Here is the error I get in IntelliJ.

27920×344 41.1 KB

The message from the compiler is somewhat less helpful.

Error:(23, 35) type mismatch;
 found   : B
 required: String
          (distance + (v -> (du + w)), predecessor + (v -> u))

I also realized that I don’t really need ‘<’ per se, If I know that the type is a semi-ring, with operations (op1,op2) then I can replace a+b in my function with op1(a,b) and if (a < b+c) then a else b+c with op2(a,op1(b,c)).

Rather than a seminormed vector space, I think all I really need is a semi-ring as I mention elsewhere. I can replace a+b and if (a < b) then a else b with op1(a,b) and op2(a,b). I’m not claiming I know enough Scala to do that.

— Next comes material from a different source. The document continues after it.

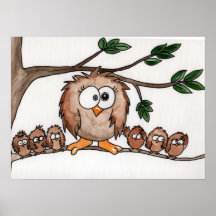 L'affiche de famille de hibou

But I think that’s the most general for my purpose.

Per Can't add object of type Number I gave you bad advice. jducoeur has a better idea of using Numeric. Although if you only need < then you could use Ordering instead.

Example usage:

def f[A](x0: A, x1: A)(implicit numeric: Numeric[A]): A = {
  numeric.plus(x0, x1)
}

+ isn’t an operator on an arbitrary A, but there is a way to get one using an implicit conversion in scala.math.Numeric.Implicits.

import scala.math.Numeric.Implicits._
def f[A](x0: A, x1: A)(implicit numeric: Numeric[A]): A = {
  x0 + x1
}

Unfortunately it looks like each use of + will cause an allocation, so there is an (unnecessary) cost to pay.

Yes, but I need to use ‘+’ and also ‘<’. Does over type in Scala which supports < also support + ? That would be convenient for my needs, but surprising.

Numeric extends Ordering, so you get both if you use Numeric.

It does not seem to be the case.see here

What Number is that? java.lang.Number? That doesn’t have methods for + and <.

Also, note that Scala only auto-boxes its own AnyVal types. Anything you import from Java will never be an unboxed primitive.

Access to Ordered operations as symbols like < is a different import.

import scala.math.Ordered.orderingToOrdered.